• _TASK PROMPT_: Print only what runs from the line that includes "Lampes Dorées-Luminaires Brilliant" to the end of the listing, word for word, and do not include any pictures.

• _DATA FOR ANALYSIS_:
::::::::::

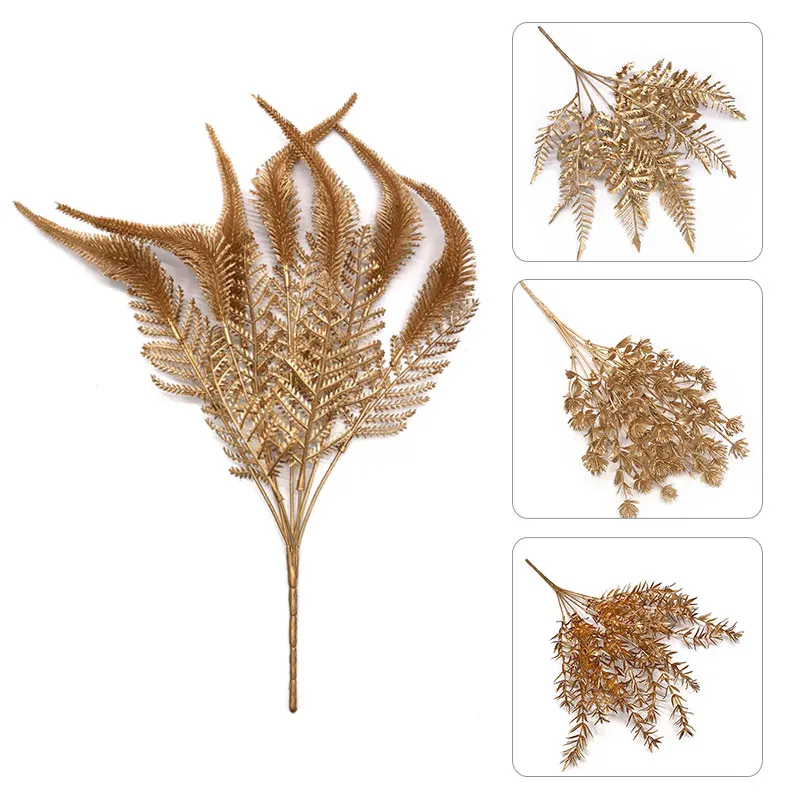 Shiny Golden Artificial Plants Gold Silver Leaf Scene Layout Christmas Decor Flower Bouquet Glitter Powder Branch Wedding Deco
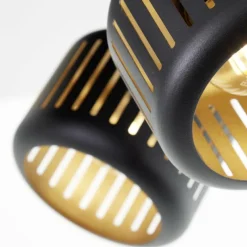 Lampes Dorées-Luminaires Brilliant Plafonnier Brilliant Tyas Noir, 3 lumières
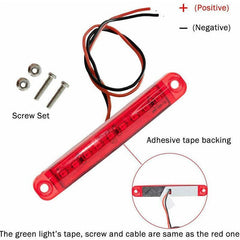 4PCS Marine LED Navigation Strip Lights Red and Green Waterproof 12–24V Compatible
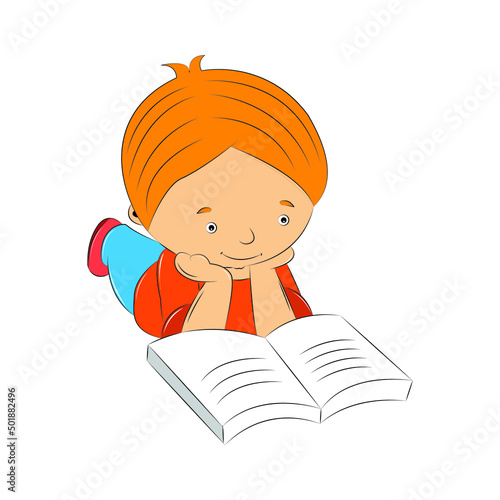 Cute boy laying on floor reading book vector illustration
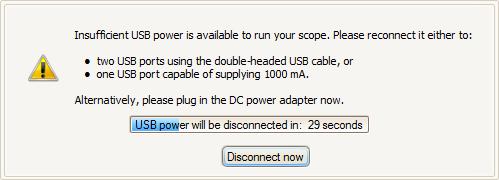 PicoScope 6 brukerveiledning 183 Ikke nok USB-strøm Hvis det ikke er nok USB-strøm tilgjengelig viser PicoScope denne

::::::::::

• _RESULT FOR THIS TASK_:
 Lampes Dorées-Luminaires Brilliant Plafonnier Brilliant Tyas Noir, 3 lumières
 4PCS Marine LED Navigation Strip Lights Red and Green Waterproof 12–24V Compatible
 Cute boy laying on floor reading book vector illustration
 PicoScope 6 brukerveiledning 183 Ikke nok USB-strøm Hvis det ikke er nok USB-strøm tilgjengelig viser PicoScope denne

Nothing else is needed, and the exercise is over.